▶ **What the exercise asks**
Return exactly the span of lines that opens with the line containing "Table basse contemporaine" and closes with the last line of the data, inclusive.

▶ **Data block**
────────────────
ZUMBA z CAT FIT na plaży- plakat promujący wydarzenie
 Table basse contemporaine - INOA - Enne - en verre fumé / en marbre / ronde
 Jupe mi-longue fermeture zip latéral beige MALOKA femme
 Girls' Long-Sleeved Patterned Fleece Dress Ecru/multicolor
────────────────
▶ **Answer to the exercise**
 Table basse contemporaine - INOA - Enne - en verre fumé / en marbre / ronde
 Jupe mi-longue fermeture zip latéral beige MALOKA femme
 Girls' Long-Sleeved Patterned Fleece Dress Ecru/multicolor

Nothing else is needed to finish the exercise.